So, the story is that Nick Dinsmore, or Eugene as he will probably always be known, has allegedly been sent to rehab after he collapsed following a match in Manchester…

So, the story is that Nick Dinsmore, or Eugene as he will probably always be known, has allegedly been sent to rehab after he collapsed following a match in Manchester.


I saw that match, and he certainly had more energy than I’ve seen from him in a while. Working an 80’s comedy match with Rob Conway, he made me smile. Which is good going, considering I’ve despised the character since the second it appeared. I’m sure you know my feelings about Eugene – I always considered it an offensive, locker room impression, which does the WWE no favours in the legitimate business world Vince craves so much.
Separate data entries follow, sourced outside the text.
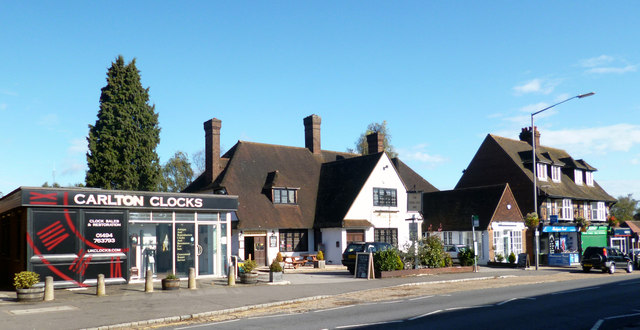 Clock shop and the Sugar Loaf in Little Chalfont, Buckinghamshire - geograph-3186484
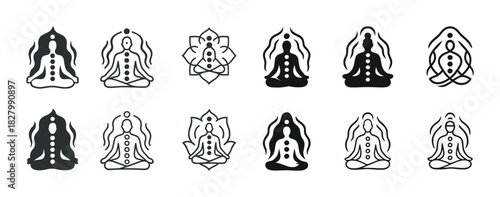 Meditation icons: abstract chakra figures in various styles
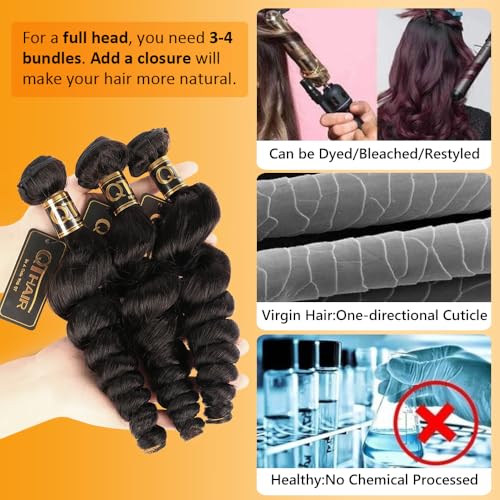 QTHAIR 16A Grade Brazilian Loose Wave Human Hair Bundles Weave Hair Human Brazilian Virgin Hair For African Americans Women 3 Bundles Total 300g/10.5oz (10 12 14) Inch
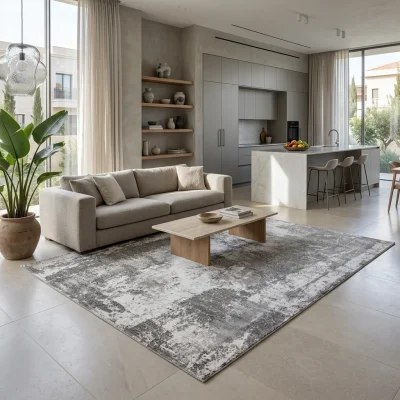 שטיח מודרני אבסטרקט 4G, Curated Artisanal Modern, Soft Mediterranean afternoon daylight, lifestyle props.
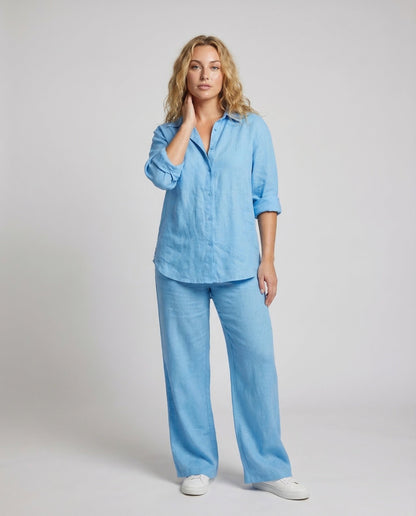 Damen Leinen Set aus Hemd und Hose - Norvielle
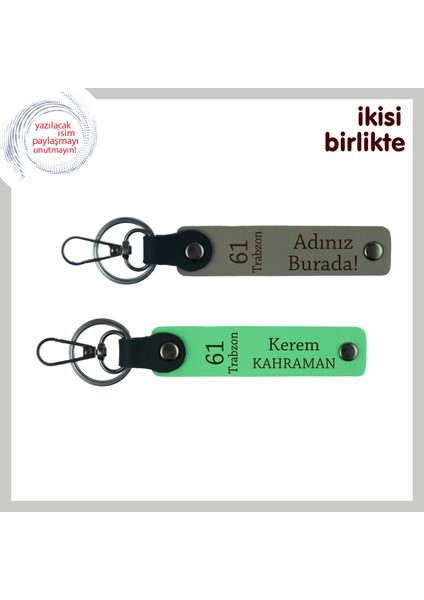 Anıları Canlandıran Şehir Temalı Hediye, 61 Trabzon Yazılı Deri Anahtarlık, Kül Gri-Fıstık Yeşil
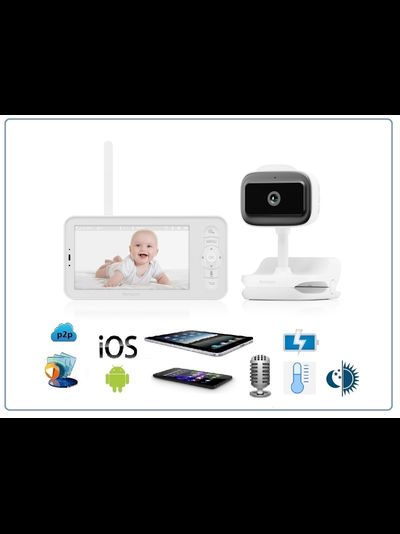 Видеоняня Ramicom VRC400, монитор 12,7 см. и одна видеокамера с датчиком движения и доступом на смартфоне с аккумулятором в мат. блоке и с DVR, HD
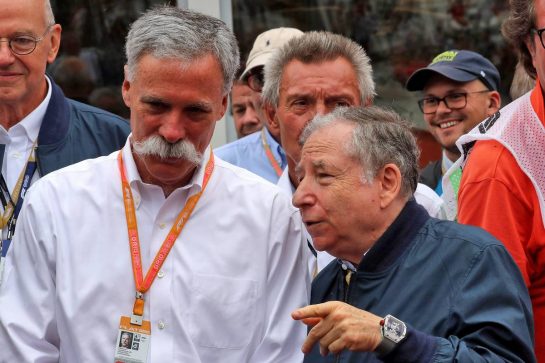 (L to R): Chase Carey (USA) Formula One Group Chairman with Jean Todt (FRA) FIA President.
28.07.2019. Formula 1 World Championship, Rd 11, German Grand Prix, Hockenheim, Germany, Race Day.
- www.xpbimages.com, EMail: requests@xpbimages.com - copy of publication required for printed pictures. Every used picture is fee-liable. © Copyright: Photo4 / XPB Images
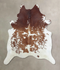 Brown and White XX-Large Brazilian Cowhide Rug 7'11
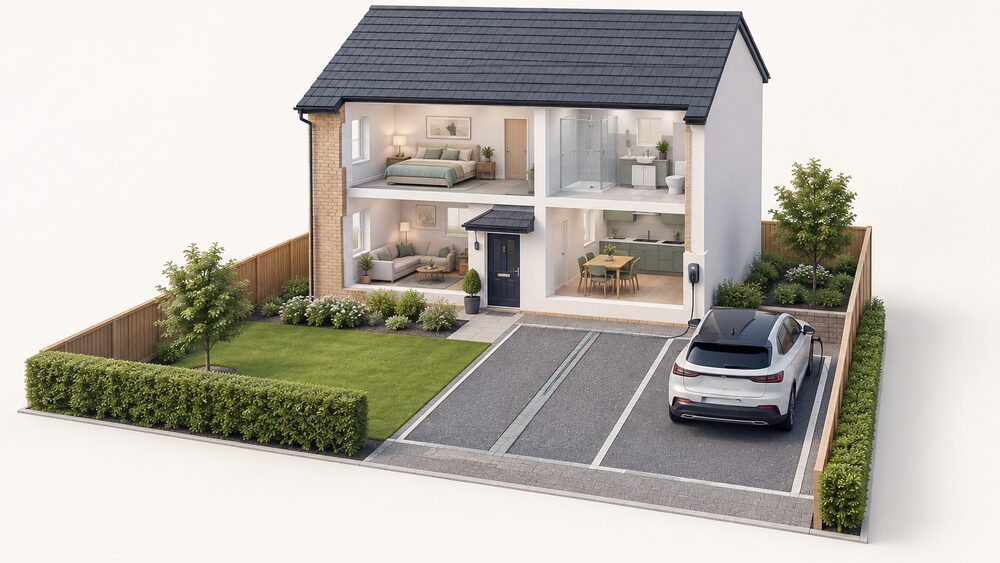 A new-build house shown from the front with a wall-mounted electric vehicle charge point on the external wall beside a driveway parking space within the property boundary, a charging cable running to the space, and a second marked parking space with a covered cable route in the ground where no charge point is fitted.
A few months ago, I predicted that Dinsmore wouldn’t last long. Unfortunately, I was wrong. The character is valued. So is Dinsmore’s playing of it. They wouldn’t have (allegedly) checked him into a rehab centre, if he wasn’t safe. In today’s cost cutting era, any excuse…


If he is in thrall to some addiction, no-one will be too surprised. After all, wrestling has an unsavoury history of substance abuse. It’s set up beautifully for that tender trap – short bursts of energy, matched by an imperviousness to pain, coupled with a back-breaking schedule, all marinated in that eventual disappointment called fame.


I know that substances have a tendency to be available in a party atmosphere, but there are some wrestlers, strange as it may seem, who just don’t fall prey to an addiction. And I think I know why. It’s all to do with pride, prestige and the love of the crowd. Yes, Sally Field was right, but only about this. It is all about the love of the people, those fickle beings – they provide the feelgood factor, they are the reason to haul yourself out of bed and into the ring every night. That feelgood factor is what stops the rot. The allegations of the partying that 80’s icons Flair and Piper did is legendary, but neither of them fell into a crippling addiction, and that is because to them the work was all-important. When you can step through a curtain and have thousands of people salute your every move, other substances become tame.


But when you’re stuck at the business end of an unsuccessful character, having to win the crowd over every night, feeling their apathy or even worse, their antipathy, it must be a heavy burden to bear. Just ask “Man’s Man” Steven Regal. Just ask Matt Morgan. Oh, just ask Nick Dinsmore. The character of Eugene is a big one, all encompassing; you can’t just slip him on as an extension of your own, like Austin or the Rock. This one is a big performance, like the Beserker, and Dinsmore does have inhabit it, so when he hears the boos, and he has recently, there’s nowhere he can go, nothing he can change. What you see is all you’ll get. The frustration is huge, the temptation perhaps even bigger.


And then there’s the way Nicky D arrived at the top table. We knew he’d been waiting for a while. We knew he was considered talented enough to make it. We also knew he’d been passed over for other, maybe less deserving grapplers. And so when the chance came, he took it, no matter what it was – Matt Morgan also a suffered from this short sightedness. Nick should have stepped back and studied the downside, but he greedily grabbed for that brass ring. As such, people recognised that he wasn’t there for his wrestling ability, or a gimmick he’d perfected (and even Bobby Lashley has one of them) but just because he could play a character fairly well.


The secret is to believe in the work you do, and to be proud of it. That’s how to keep getting through the ropes every night, that’s how to keep focus, that’s how to believe in your work. If you sell out your wrestling talent just for a tiny shot at the big time, and people soon begin to hate you anyway, there’s not much left.


That’s the pride that I think Nick Dinsmore lacks. That’s why we’ve heard this alleged story. Pride in your work. It doesn’t always come before a fall.